A quick recap… the film is based on true events, and tells the story of Big Ben Jones, a slave who makes a daring escape from a Virginia plantation to Buckingham, PA in 1848, and gets helped by local Quakers.
In addition to Trotter and David, the film’s cast includes Clifton Powell, Michael Rapaport, Lynn Whitfield, Michael Jai White, April Woodall, Jermaine Jones, and Alana Lee.
It’s not yet public what characters each of these other actors are playing in the film. I wonder who’s playing Harriet Tubman (she’s on the character list).
Director of Photography is Keiko Nakahara (honored as one of the outstanding up-and-coming cinematographers by the president of The American Society of Cinematographers).
Filming is taking place right now, on location all throughout Bucks County, PA.
Images below of Trotter as Big Ben Jones (posing with Clifton Powell), and David as Frederick Douglass (underneath the photos you’ll find a much longer synopsis for the film, which tells much of the story, if you don’t care about spoilers):
In the American South of the 1840’s the forced servitude of blacks was a way of life.

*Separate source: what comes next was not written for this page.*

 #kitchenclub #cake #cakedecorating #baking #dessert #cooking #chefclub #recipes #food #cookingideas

Brutality enabled this institution to flourish and any slave caught attempting to secure their liberty through escape faced the cruelest retribution.

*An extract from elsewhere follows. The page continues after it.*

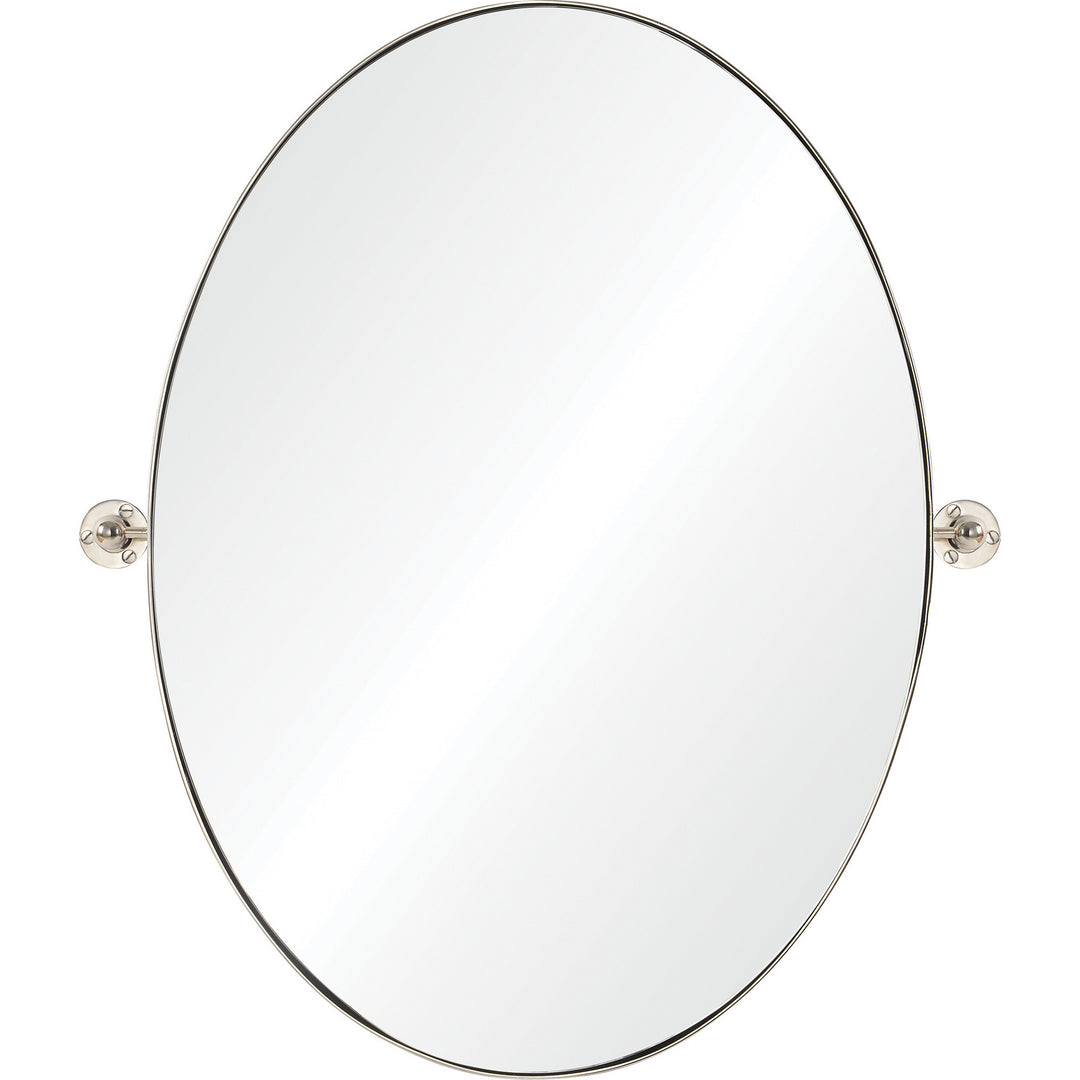 Renwil Canada - MT2353 - Mirror - Azalea - Nickel Plated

In late August of 1848, two courageous men took this step so fraught with peril and ran away from their master’s plantation in Virginia.
BENJAMIN “BIG BEN” JONES and MOSES HOPKINS, armed with little more than instructions to follow the North Star, would brave cold, hunger and bloodthirsty pursuers in their flight to freedom. In their darkest hour, they would be befriended by a southern white religious family whose sacrifice on their behalf changed the two forever.
Fortune eventually guided the pair to the comparative safety of BUCKINGHAM, Pennsylvania where they felt so comfortable that they almost immediately resolved to make it their home. Before the sun had set on their first day in Buckingham however, happenstance thrust Big Ben and Moses into an emergency meeting of Underground Railroad workers at the MT. GILEAD CHURCH.
At this meeting Big Ben makes a fateful decision to assist the radical-leaning Quaker JOSHUA FELL in the dangerous rescue of a pregnant escaped slave. From this point on, Big Ben became aligned with the militant abolitionist faction that prevailed locally while Moses adopted a more passive, nonviolent role for the cause.
When not off on an adventure with potentially grave consequences, Ben managed to cultivate the acquaintance of a fellow escaped slave, Sarah, and soon the two fell in love.
Under the uniquely trying circumstances of their situation, all seemed to be going well for Ben, Moses and the residents of Buckingham. Ben even gets the opportunity to encounter leaders in the abolitionist movement when he meets HARRIET TUBMAN and WILLIAM STILL, and later witnesses, along with a sizeable contingent from the Mt. Gilead Church, a speech by FREDERICK DOUGLASS.
When it appears that a comfortable sense of normalcy has finally arrived for Ben in his new life, treachery from an unexpected source strike remorselessly. He is confronted with an escaped slaves’ greatest fear, and this encounter, along with the reaction of his fellow towns people, provides a most poignant moment at the conclusion of this chronicle.
This is a story that shows humanity at its best and at its worst during the time of slavery in America.